With the pictures left out, every record must be reproduced exactly.

(Beginning of ENTRIES SUPPLIED)

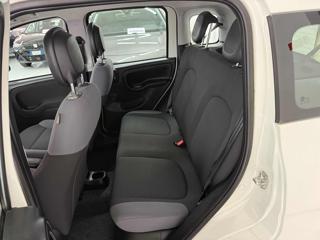 FIAT Panda usata 13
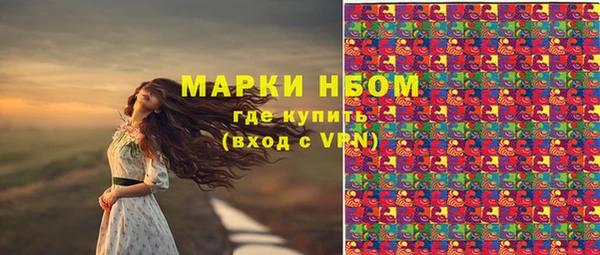 индика Белокуриха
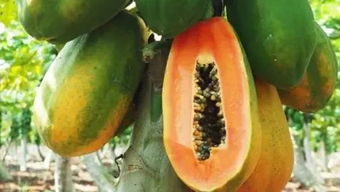 木瓜采摘时间和收获季节,木瓜的收获季节是什么时候？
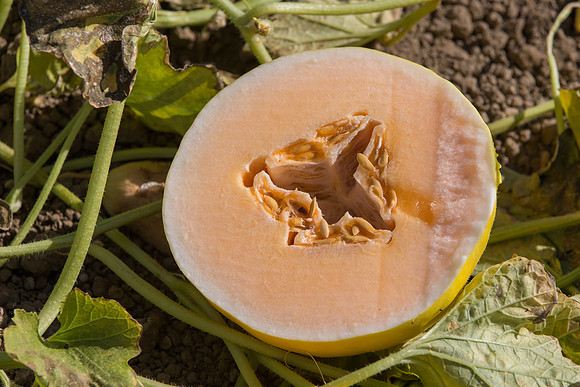 Melon_SV7484MA_CA_0018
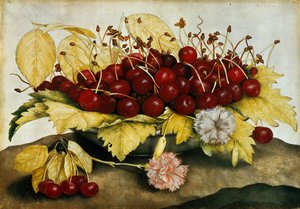 Cerises et œillets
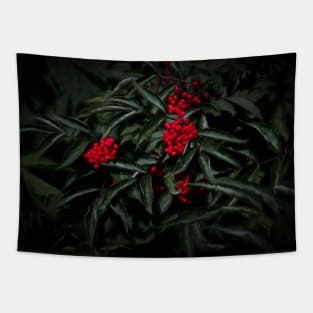 Berries Tapestry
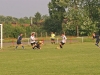 foci_028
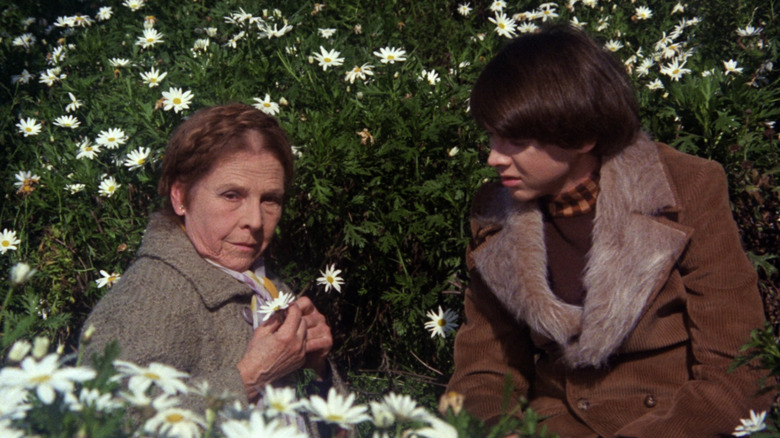 Maude and Harold lie in a field of daisies in "Harold and Maude" (1971)
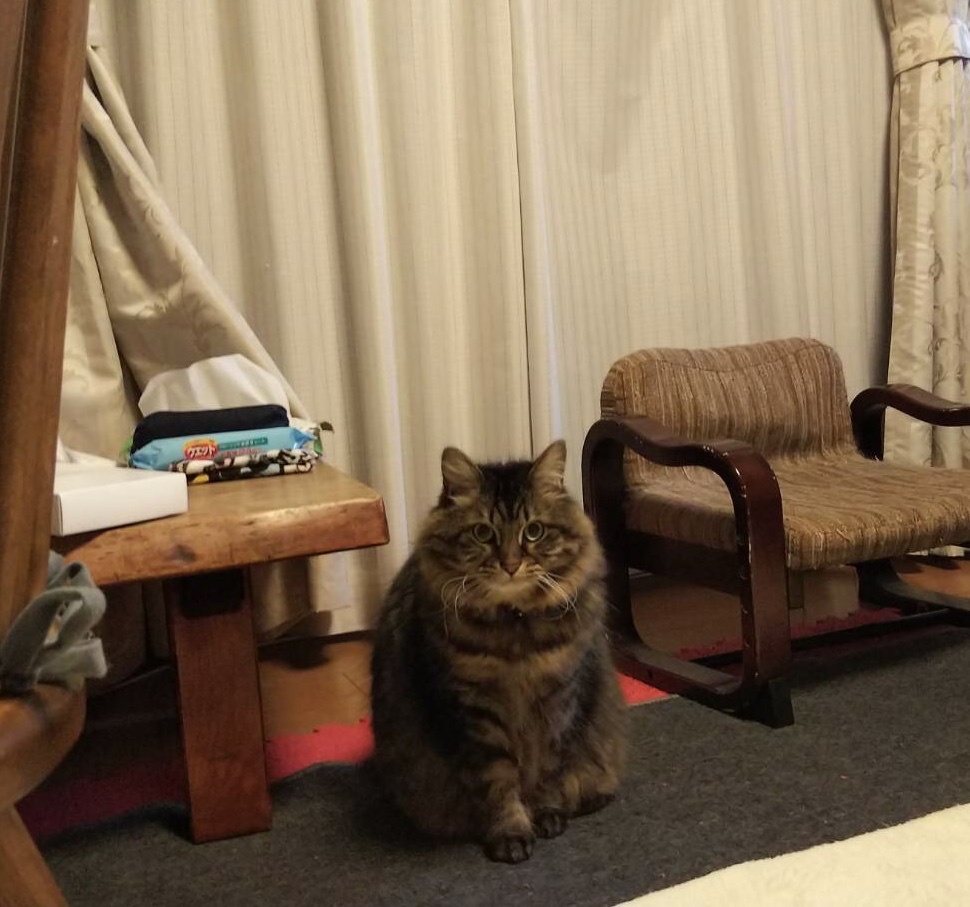 はるくん_a0064067_21243531.jpeg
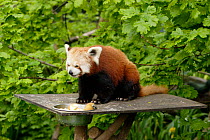Red panda {Ailurus fulgens} on feeding table, Bristol Zoo, UK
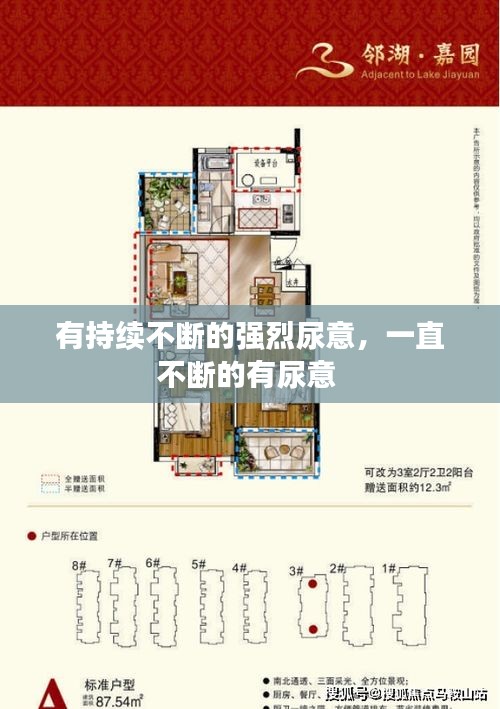 有持續(xù)不斷的強(qiáng)烈尿意，一直不斷的有尿意 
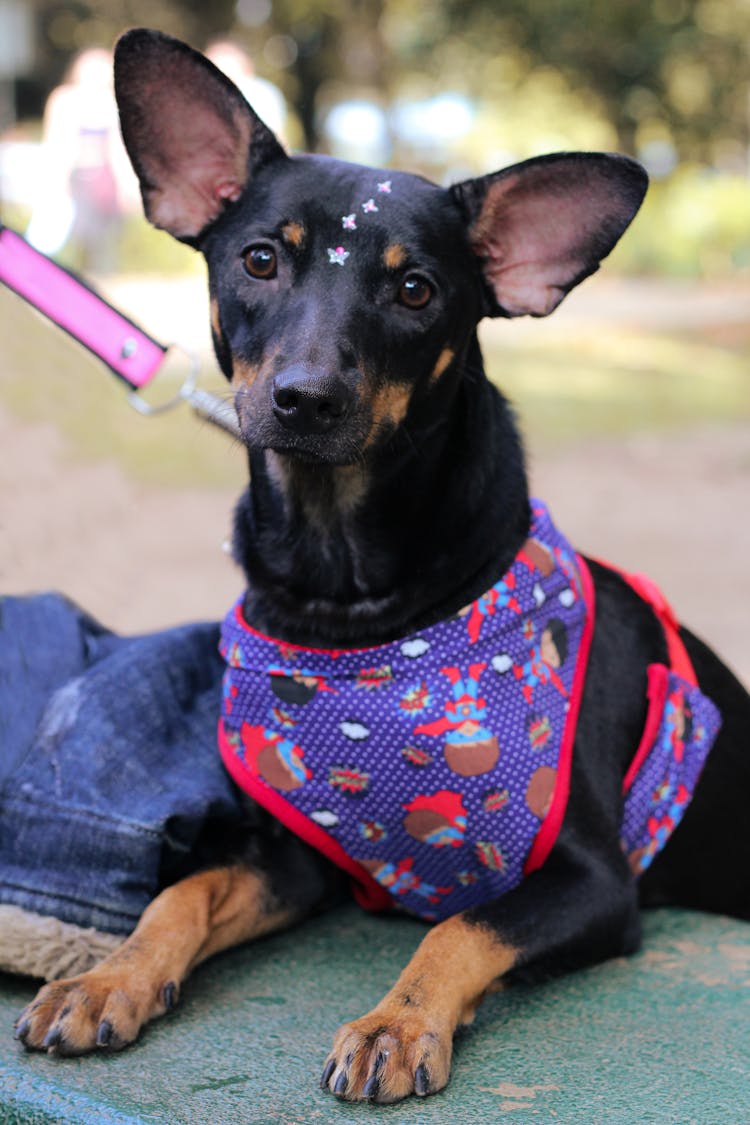 Portrait Of Dog In Clothes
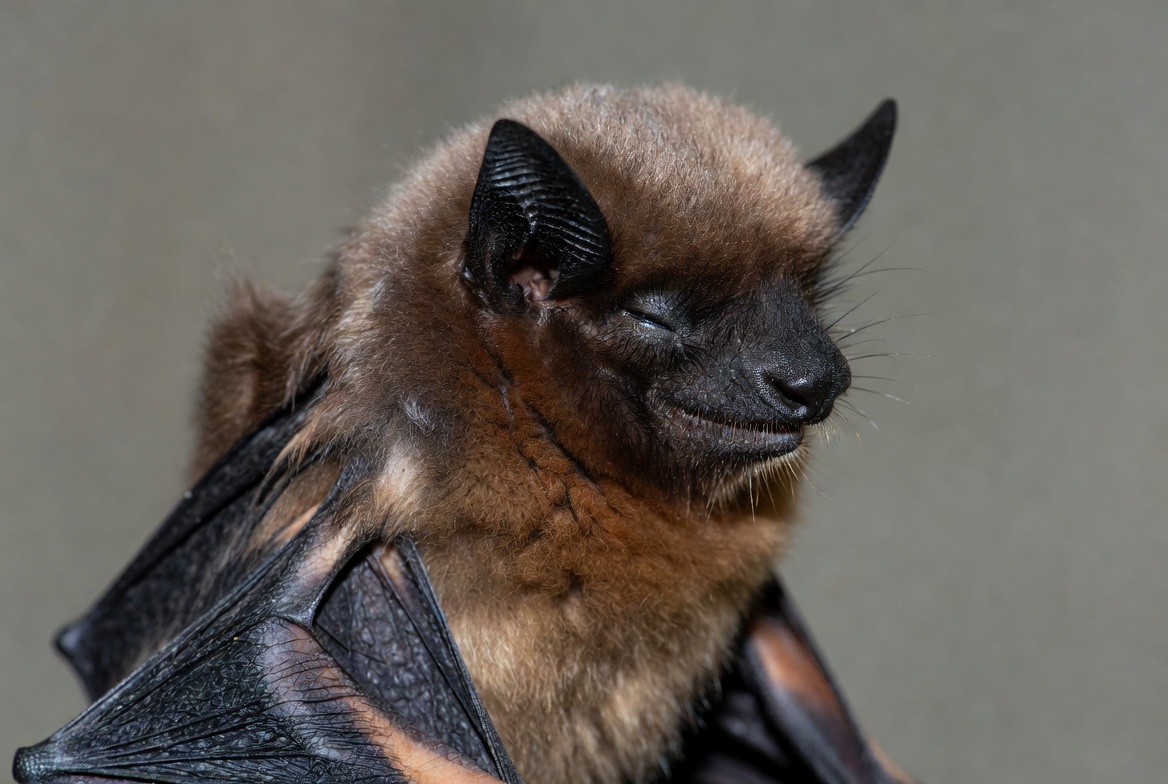 Close-up of flying fox bat Close-up of flying fox bat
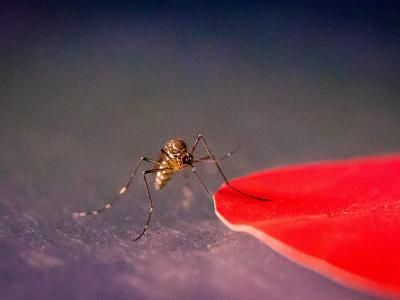 对埃及斑蚊的研究发现 蚊子闻到人类呼出的气体后会朝红、橙、黑、青四种颜色飞过去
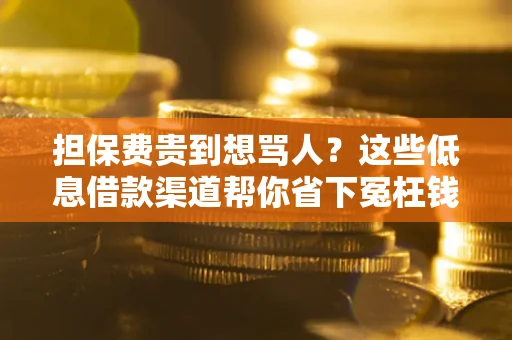 济南担保费贵到想骂人？这些低息借款渠道帮你省下冤枉钱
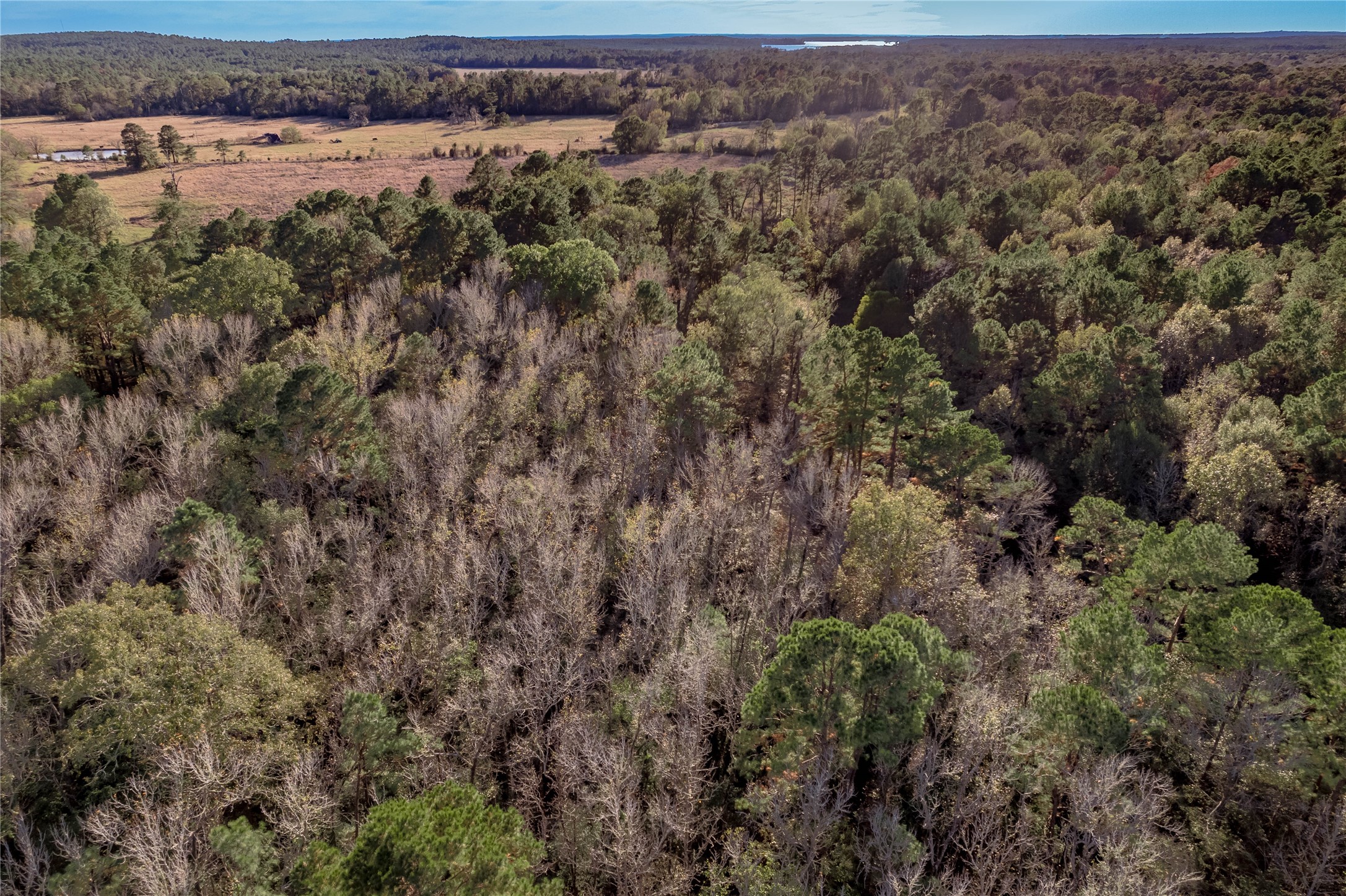 438 Cody Groveton, TX 75845 - Photo 15 of 15 an aerial view of a houses with a yard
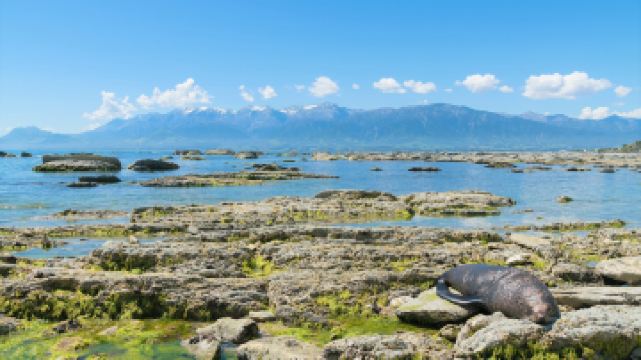 凯库拉毛皮海狮聚集区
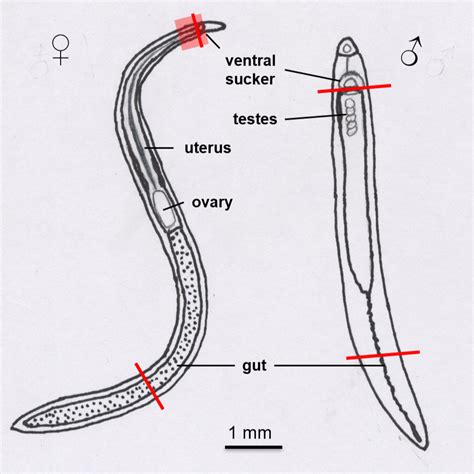 Manual dissection of the Schistosoma mansoni and S. japonicum head and ...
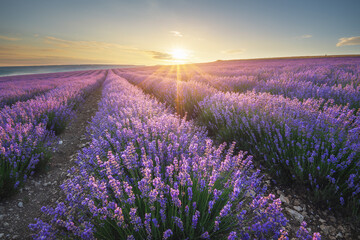 Fototapeta na wymiar Meadow of lavender at sunrise.
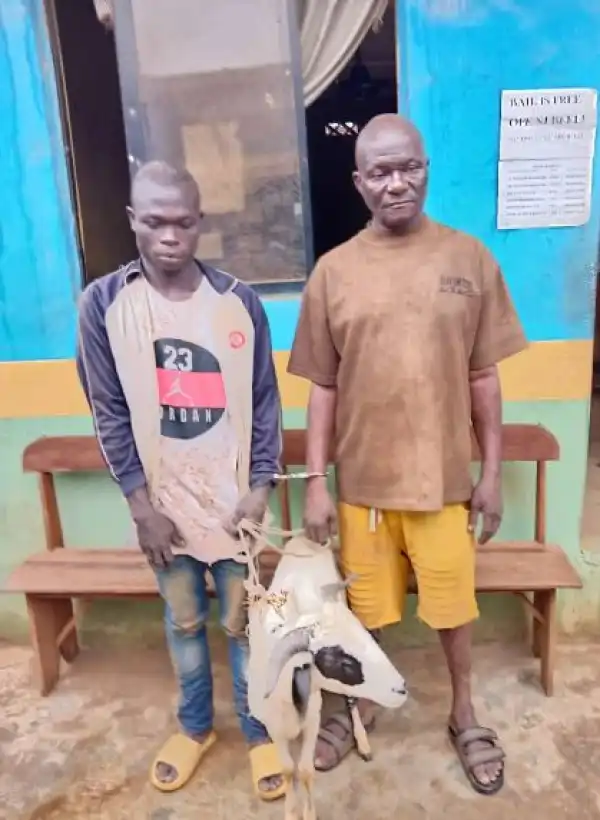 Police Arrest Two Men For Stealing Sallah Ram In Ogun (Photo)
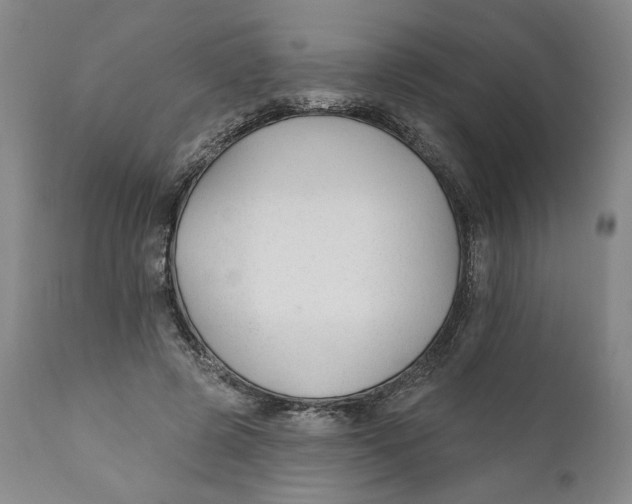 X0000110920545200907091500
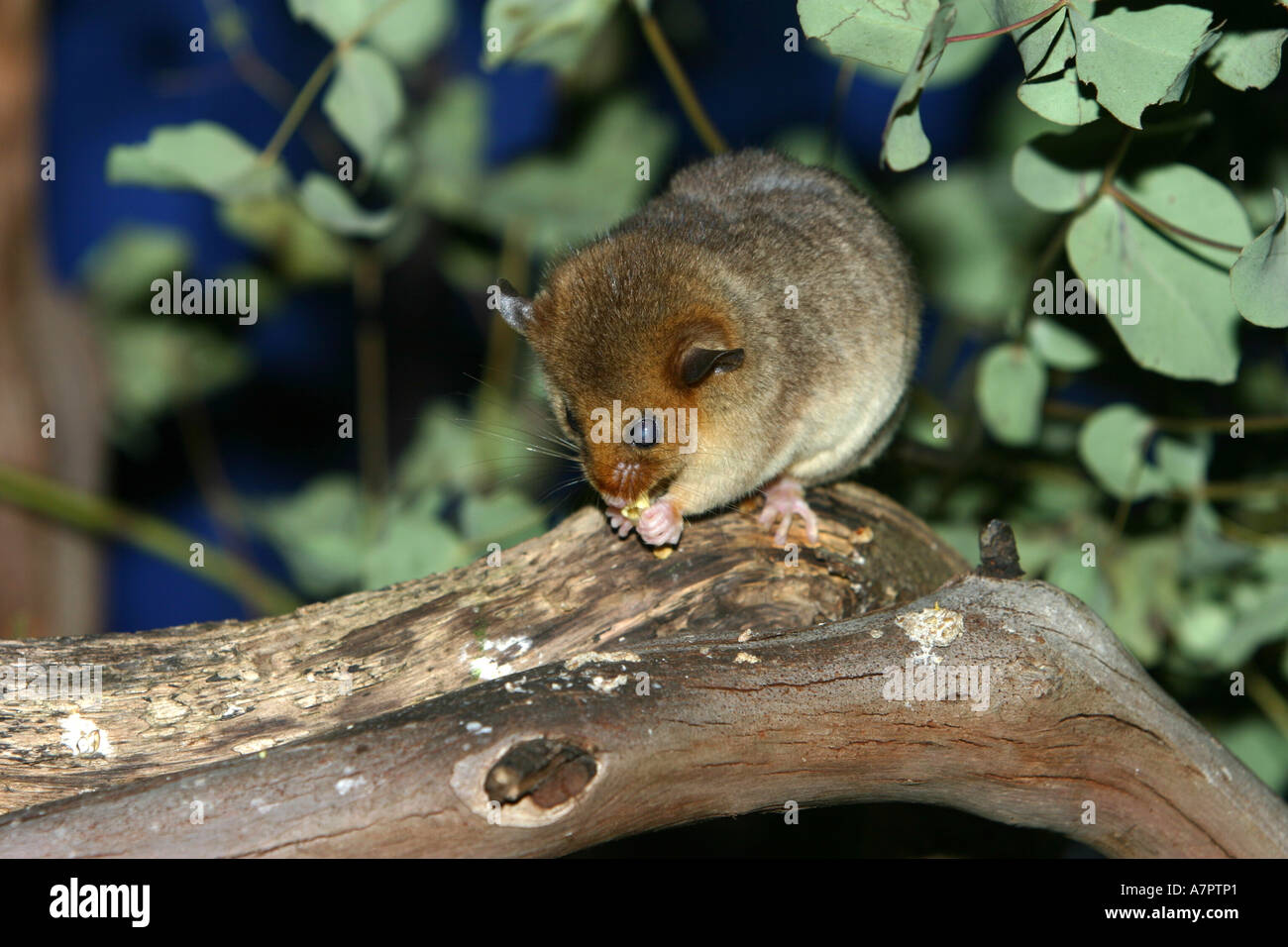spinifex hopping mouse (Notomys alexis), sitting on a branch, feeding, Australia, Victoria Stock Photo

(End of ENTRIES SUPPLIED)

ANSWER BELOW:
 FIAT Panda usata 13
 индика Белокуриха
 木瓜采摘时间和收获季节,木瓜的收获季节是什么时候？
 Melon_SV7484MA_CA_0018
 Cerises et œillets
 Berries Tapestry
 foci_028
 Maude and Harold lie in a field of daisies in "Harold and Maude" (1971)
 はるくん_a0064067_21243531.jpeg
Red panda {Ailurus fulgens} on feeding table, Bristol Zoo, UK
 有持續(xù)不斷的強(qiáng)烈尿意，一直不斷的有尿意 
 Portrait Of Dog In Clothes
 Close-up of flying fox bat Close-up of flying fox bat
 对埃及斑蚊的研究发现 蚊子闻到人类呼出的气体后会朝红、橙、黑、青四种颜色飞过去
 济南担保费贵到想骂人？这些低息借款渠道帮你省下冤枉钱
 438 Cody Groveton, TX 75845 - Photo 15 of 15 an aerial view of a houses with a yard
 凯库拉毛皮海狮聚集区
 Manual dissection of the Schistosoma mansoni and S. japonicum head and ...
 Fototapeta na wymiar Meadow of lavender at sunrise.
 Police Arrest Two Men For Stealing Sallah Ram In Ogun (Photo)
 X0000110920545200907091500
spinifex hopping mouse (Notomys alexis), sitting on a branch, feeding, Australia, Victoria Stock Photo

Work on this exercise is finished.